Sites Inria

Version française

European project

Laure Guion - 26/10/2012

Metadata for a better understanding of the past

© CNRS Photothèque / Christophe Lebedinsky

2014 marks the centenary of the First World War. But how can such an event be commemorated when the relevant historical resources are scattered throughout the whole of Europe and historians have not yet been able to conduct an exhaustive study of all of them? Laurent Romary explains how, with the CENDARI project, computational sciences can provide a solution to this problem and come to the aid of all social sciences.

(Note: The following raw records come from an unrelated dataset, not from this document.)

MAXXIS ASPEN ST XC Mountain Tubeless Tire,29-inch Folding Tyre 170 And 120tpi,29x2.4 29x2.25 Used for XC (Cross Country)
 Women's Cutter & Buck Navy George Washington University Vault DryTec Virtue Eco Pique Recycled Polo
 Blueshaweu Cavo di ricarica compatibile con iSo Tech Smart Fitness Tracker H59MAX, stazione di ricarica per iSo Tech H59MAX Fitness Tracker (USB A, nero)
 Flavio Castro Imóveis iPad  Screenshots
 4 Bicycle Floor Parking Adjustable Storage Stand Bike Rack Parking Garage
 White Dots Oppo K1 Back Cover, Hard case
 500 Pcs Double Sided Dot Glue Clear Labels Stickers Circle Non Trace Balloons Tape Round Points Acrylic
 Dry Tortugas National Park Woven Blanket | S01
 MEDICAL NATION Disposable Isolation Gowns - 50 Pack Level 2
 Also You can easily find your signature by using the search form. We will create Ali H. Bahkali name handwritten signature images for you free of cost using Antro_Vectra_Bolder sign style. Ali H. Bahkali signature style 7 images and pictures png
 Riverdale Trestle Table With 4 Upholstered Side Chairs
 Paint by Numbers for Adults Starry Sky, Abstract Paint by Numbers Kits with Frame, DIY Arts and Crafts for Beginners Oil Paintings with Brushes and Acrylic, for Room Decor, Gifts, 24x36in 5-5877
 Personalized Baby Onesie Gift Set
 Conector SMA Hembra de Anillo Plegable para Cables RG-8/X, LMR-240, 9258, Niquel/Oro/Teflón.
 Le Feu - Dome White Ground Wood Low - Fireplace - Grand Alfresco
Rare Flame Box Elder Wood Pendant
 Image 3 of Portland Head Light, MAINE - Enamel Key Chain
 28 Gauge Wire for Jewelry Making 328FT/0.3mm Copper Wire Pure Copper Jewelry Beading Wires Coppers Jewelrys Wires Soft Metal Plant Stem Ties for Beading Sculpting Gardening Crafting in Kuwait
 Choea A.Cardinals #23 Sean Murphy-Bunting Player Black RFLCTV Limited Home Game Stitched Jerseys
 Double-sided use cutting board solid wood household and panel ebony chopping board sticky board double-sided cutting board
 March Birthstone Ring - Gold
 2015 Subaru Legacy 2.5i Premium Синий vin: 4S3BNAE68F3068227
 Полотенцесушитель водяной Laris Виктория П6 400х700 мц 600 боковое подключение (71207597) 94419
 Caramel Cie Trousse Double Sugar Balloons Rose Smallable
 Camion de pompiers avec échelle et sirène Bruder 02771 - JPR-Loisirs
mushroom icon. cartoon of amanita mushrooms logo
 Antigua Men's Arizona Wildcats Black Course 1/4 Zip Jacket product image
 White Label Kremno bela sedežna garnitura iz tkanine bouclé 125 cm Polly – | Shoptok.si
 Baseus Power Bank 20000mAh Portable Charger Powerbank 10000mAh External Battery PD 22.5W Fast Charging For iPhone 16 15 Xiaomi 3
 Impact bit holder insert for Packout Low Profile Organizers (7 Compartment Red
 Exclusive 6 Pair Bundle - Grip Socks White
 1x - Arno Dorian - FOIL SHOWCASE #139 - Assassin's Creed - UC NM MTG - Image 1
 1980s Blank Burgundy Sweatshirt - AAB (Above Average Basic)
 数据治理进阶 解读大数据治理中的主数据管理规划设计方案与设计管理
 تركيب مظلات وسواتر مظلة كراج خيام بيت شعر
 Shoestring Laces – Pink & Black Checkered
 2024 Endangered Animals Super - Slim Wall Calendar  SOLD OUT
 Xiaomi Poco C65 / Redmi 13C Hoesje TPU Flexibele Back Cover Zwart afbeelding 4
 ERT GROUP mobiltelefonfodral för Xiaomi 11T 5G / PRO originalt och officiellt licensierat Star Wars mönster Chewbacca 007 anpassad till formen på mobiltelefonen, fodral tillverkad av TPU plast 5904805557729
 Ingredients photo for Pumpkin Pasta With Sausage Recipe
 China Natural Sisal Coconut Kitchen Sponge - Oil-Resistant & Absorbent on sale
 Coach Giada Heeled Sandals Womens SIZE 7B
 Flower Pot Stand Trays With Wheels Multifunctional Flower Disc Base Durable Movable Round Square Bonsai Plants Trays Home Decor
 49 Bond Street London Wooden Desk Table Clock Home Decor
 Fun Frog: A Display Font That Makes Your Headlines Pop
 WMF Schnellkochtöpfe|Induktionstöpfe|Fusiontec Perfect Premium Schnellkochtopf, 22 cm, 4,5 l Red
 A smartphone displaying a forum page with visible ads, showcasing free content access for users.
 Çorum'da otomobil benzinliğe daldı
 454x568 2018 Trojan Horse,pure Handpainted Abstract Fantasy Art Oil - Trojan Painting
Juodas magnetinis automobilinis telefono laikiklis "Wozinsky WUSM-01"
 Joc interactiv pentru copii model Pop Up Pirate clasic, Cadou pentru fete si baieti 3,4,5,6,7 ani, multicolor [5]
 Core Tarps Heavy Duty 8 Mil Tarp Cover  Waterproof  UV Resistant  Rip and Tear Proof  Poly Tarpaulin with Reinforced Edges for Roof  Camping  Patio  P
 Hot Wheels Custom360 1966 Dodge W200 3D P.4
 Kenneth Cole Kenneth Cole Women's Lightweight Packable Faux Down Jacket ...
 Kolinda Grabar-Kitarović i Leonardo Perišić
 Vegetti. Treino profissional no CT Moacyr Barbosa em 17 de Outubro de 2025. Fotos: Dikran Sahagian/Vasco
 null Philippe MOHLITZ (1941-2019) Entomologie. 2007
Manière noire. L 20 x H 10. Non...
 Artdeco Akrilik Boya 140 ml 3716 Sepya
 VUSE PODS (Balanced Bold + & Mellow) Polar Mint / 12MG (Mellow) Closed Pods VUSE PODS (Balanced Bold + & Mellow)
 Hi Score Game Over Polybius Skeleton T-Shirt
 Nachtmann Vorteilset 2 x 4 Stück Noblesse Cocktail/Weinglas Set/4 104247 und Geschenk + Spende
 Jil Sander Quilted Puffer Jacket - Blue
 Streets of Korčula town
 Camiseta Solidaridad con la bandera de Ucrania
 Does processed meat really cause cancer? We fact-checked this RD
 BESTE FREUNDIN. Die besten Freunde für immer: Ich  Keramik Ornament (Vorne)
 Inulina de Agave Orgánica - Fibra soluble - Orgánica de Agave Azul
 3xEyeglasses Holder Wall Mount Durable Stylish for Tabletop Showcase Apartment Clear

What is CENDARI and what is your goal?

CENDARI is a European project that strengthens collaboration between computational science researchers and historians , with the aim of networking archives from various corners of the continent. This initiative is part of the DARIAH infrastructure project, which aims to promote cooperation on methodologies and tools to aid research in social sciences . Inria is a stakeholder as I am one of its three co-directors. CENDARI focuses on history - specifically, the medieval period and the First World War . Historians studying both periods find it difficult to access archive data, which is spread out across Europe. They are faced with two problems. The first is the great diversity of documentary resources. Materials concerning the First World War, for example, include posters, billboards, audio and video archives, books, objects, artefacts, clothing, and maps. All these materials are scattered across Europe - in France, of course, but also in Serbia, Poland, Russia, and elsewhere. As the entire European continent was impacted by the event, historical resources exist everywhere. The second obstacle is unequal knowledge of the available resources. For example, the German federal archives, with their very precise explanatory texts, are very well known, whereas we know almost nothing about the archives in Serbia. The positive point is that we can draw inspiration from successful initiatives across Europe, an excellent example being the Czech National Library's medieval Manuscriptorium, and replicate them elsewhere.

What are the tangible benefits for researchers?

Imperial War Museum archives

Our goal is to use computational sciences to help other sciences - in this case, social sciences. The idea is to enable researchers to connect to all the European data, so as to be able to search for information  about a particular place, period or person. With regard to the First World War, we should be able to trace the itinerary of a Russian general in a certain period, or know how the inhabitants of a village around Verdun lived during the Second Battle of the Aisne. We can make the same transposition for the medieval period, to understand how it was that the same person came to be cited in several parchments across Europe.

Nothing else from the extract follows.